A week ago, I locked my front door, checked my pockets for two forms of ID, and drove to a testing center, trying not to second-guess what I knew or what I might have missed. By the time I walked through the doors, signed in, and sat down at the computer, there was no room left for hesitation. It was time to rely on what I had built over the past month.

A few hours and too many clicks later, I passed the National Counselor Examination (NCE).

Photo by juliane Monari on Pexels.com

The NCE, offered by the National Board for Certified Counselors, is a major step toward becoming a National Certified Counselor. It signals professional competence, strengthens credibility with employers and clients, and can support licensure portability across states. For me, it is also a bright mark of my transition from student to emerging professional.

Since that exciting moment, I have developed a clear sense of what helped me get there.

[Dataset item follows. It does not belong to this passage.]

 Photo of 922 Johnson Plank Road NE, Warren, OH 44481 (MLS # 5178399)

I gave myself one month to prepare. Not six months. Not an open-ended plan that I would get to when I had time. I committed to a focused and intentional month of study. That decision shaped everything that followed. Instead of scattering my attention, I concentrated on reviewing what I had already learned and reinforcing it in a deliberate way. Because of my tight schedule, which includes a full-time job, school, and an internship, I reserved my early mornings and the last 30 minutes before bed to study.

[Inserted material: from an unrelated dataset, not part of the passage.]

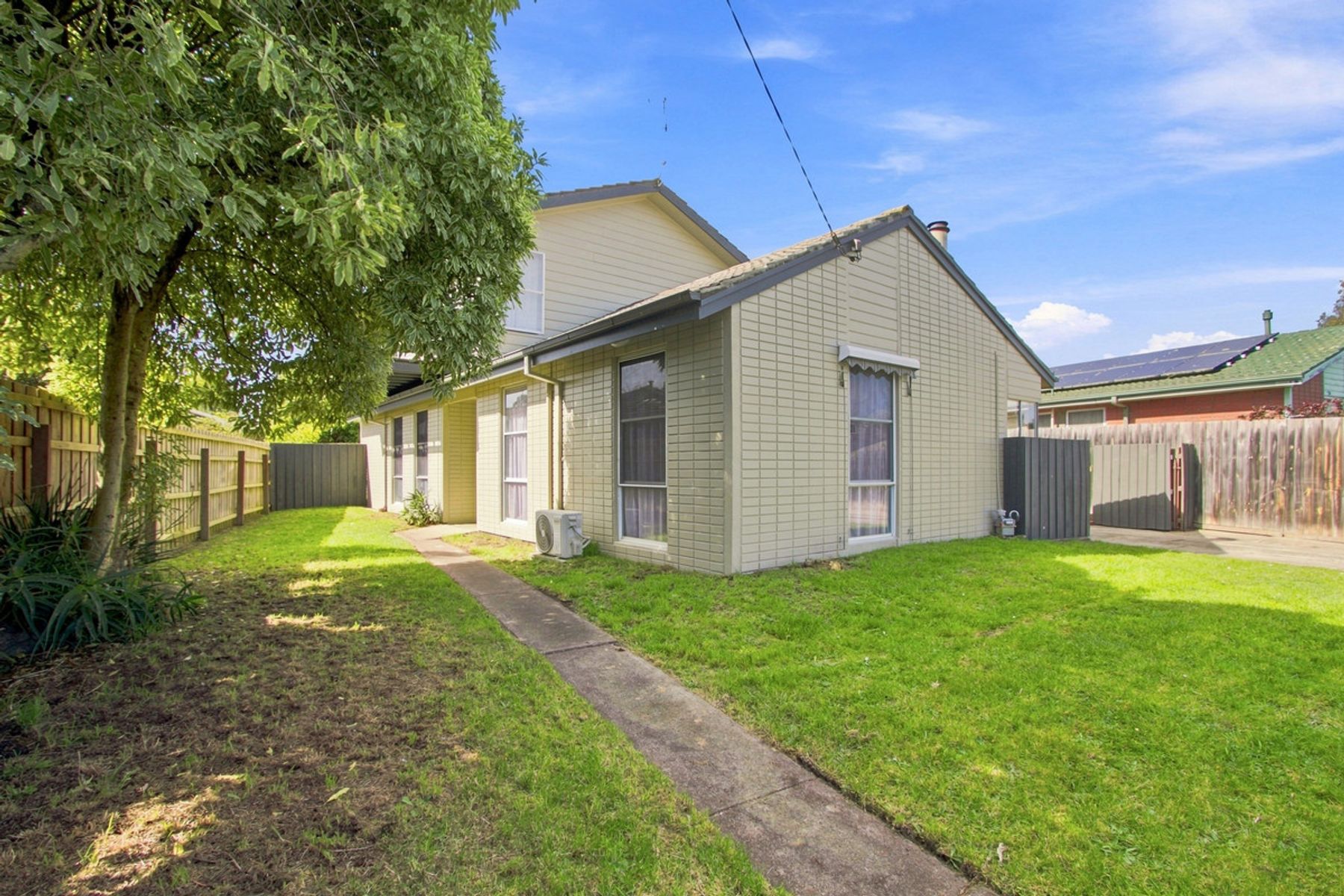 51 Maple Crescent, Churchill - Image 1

My primary resource was Encyclopedia of Counseling by Howard Rosenthal. And I did not sample it. I worked through the entire book.

What made this approach effective was the structure built into the material. Core theories appeared again and again. Key principles resurfaced in different contexts. Important names stayed in circulation. That repetition created familiarity, and familiarity made recall possible under pressure. I was not memorizing isolated facts. I was strengthening recognition patterns that held up during the exam.

Alongside Rosenthal’s book, I also watched his YouTube “Super Review” a couple of times, including on the morning of the exam. Additionally, in my first week of preparation, I watched videos from others who had recently passed the NCE. These added something different. They helped me understand how the exam feels, not just what it covers. Hearing others describe their experience made my own anxiety more manageable.

One of the more unexpected parts of my experience involved timing. I took the exam during my second week in the Career Development course. While I did not have the benefit of an entire quarter of content in that area, Rosenthal’s emphasis on theorists, models, and foundational concepts provided enough structure for me to reason through questions. I ended up answering 70% of the questions correctly in that section, even though I had just started the course. And as a result, I now feel more confident going through one of the last courses in the program.

My approach worked because I retain more when I revisit core ideas across different contexts and connect new information to what I already know. The structure of Rosenthal’s material supported this process. Just as important, I stayed with the plan. I did not jump between multiple resources or overhaul my strategy halfway through. I trusted my study plan and followed it through to the end.

Looking back, passing the NCE while still in a counseling program required me to consolidate what I already knew and make it accessible when it counts. For me, that meant one focused month, one primary resource, and a steady rhythm of review.

If you found this post because you are preparing for the NCE, I want to remind you that you have already built a strong foundation. The work now is to bring it back into reach. And when you do, you may find yourself walking into that intimidating testing center with more confidence than you expected.